London Motors was a Canadian automobile company located in London, Ontario. The company was formed by William Stansell, who was previously involved with the production of the Brock car in Amherstburg, Ontario.

In 1921 Stansell raised $75,000 to form London Motors Limited, with a factory located at King and Ridout Streets. Prototypes were ready by the autumn of 1921.

The London Six featured wooden disc wheels, a pointed windscreen and a Herschell-Spillman 6-cylinder engine.

The engine was tilted down at the rear, providing a lower drive shaft and reducing universal joint strain. The aluminium body made the car very light, allowing a top speed of 85 mph to be reached.
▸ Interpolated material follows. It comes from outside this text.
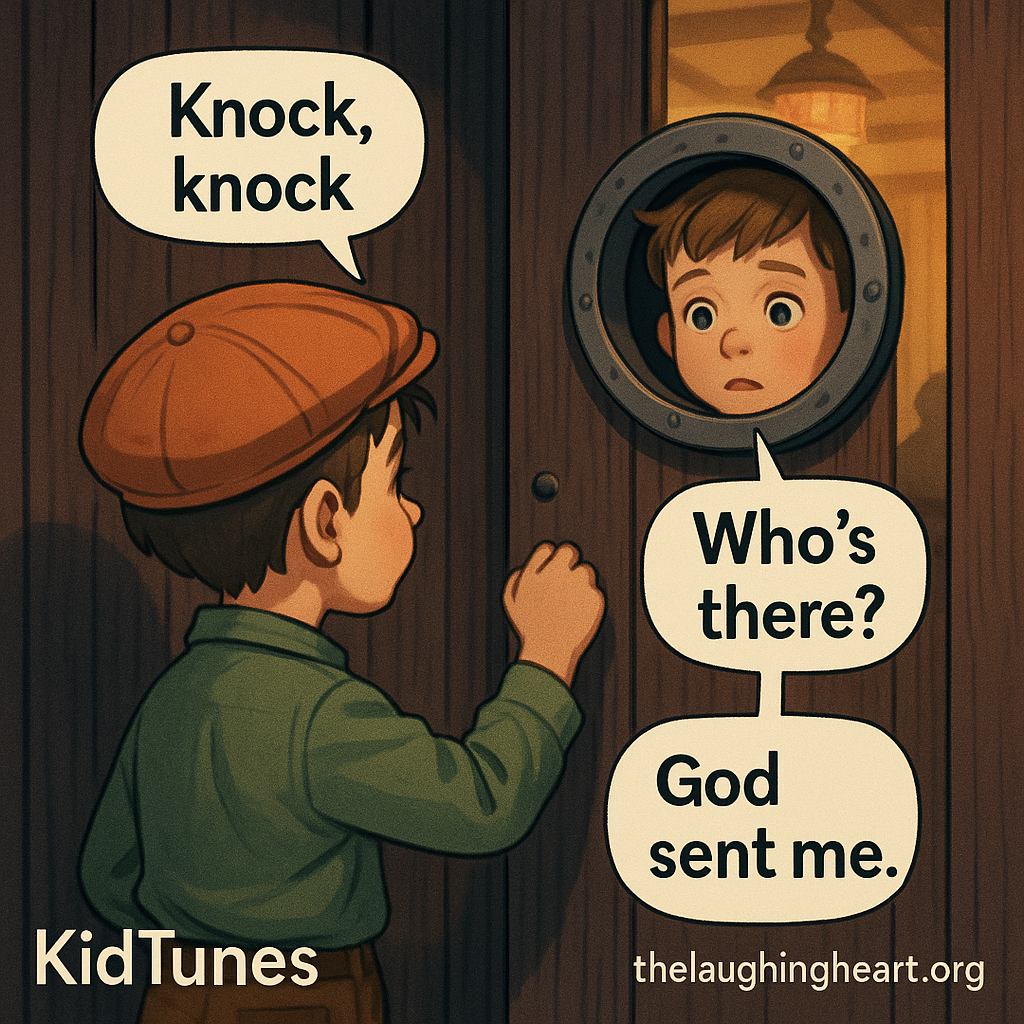 Kid toon: little boy in the 1930's asks through a hole in a wooden door to another kid, 'Knock, knock' and the kid on the other side of the door replies, 'Who's there? God sent me.'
Production began in late 1921, with the following models:

- Touring car
- Hardtop tourer/roadster
- Sedan
- Sedan Special

Prices ranged from $2,600 for the tourer to $3,700 for the sedan. The car's slogan was "Canada's Quality Car".

Bodies were originally built at a factory in Ingersoll, Ontario, but when the supplier was unable to keep up with demand, Stansell rented factory space next door to the London Motors factory.
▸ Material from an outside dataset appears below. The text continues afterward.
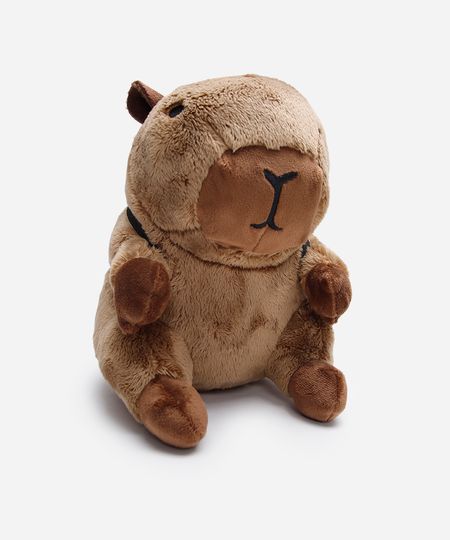 pelúcia infantil capivara com mochila marrom UNICO pelúcia infantil capivara com mochila marrom UNICO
When Governor General Julian Byng visited London, several London Six owners loaned their cars for official ceremonies. Lady Byng claimed that the London Six was the most comfortable car that she had ever travelled in.

In 1924, Stansell made visits to various firms and bankers looking for extra capital in order to expand production. In his absence, the board of directors of the company allowed control to be taken over by new investors, who wound up the company in early 1925. Total production of the London Six was 98 cars.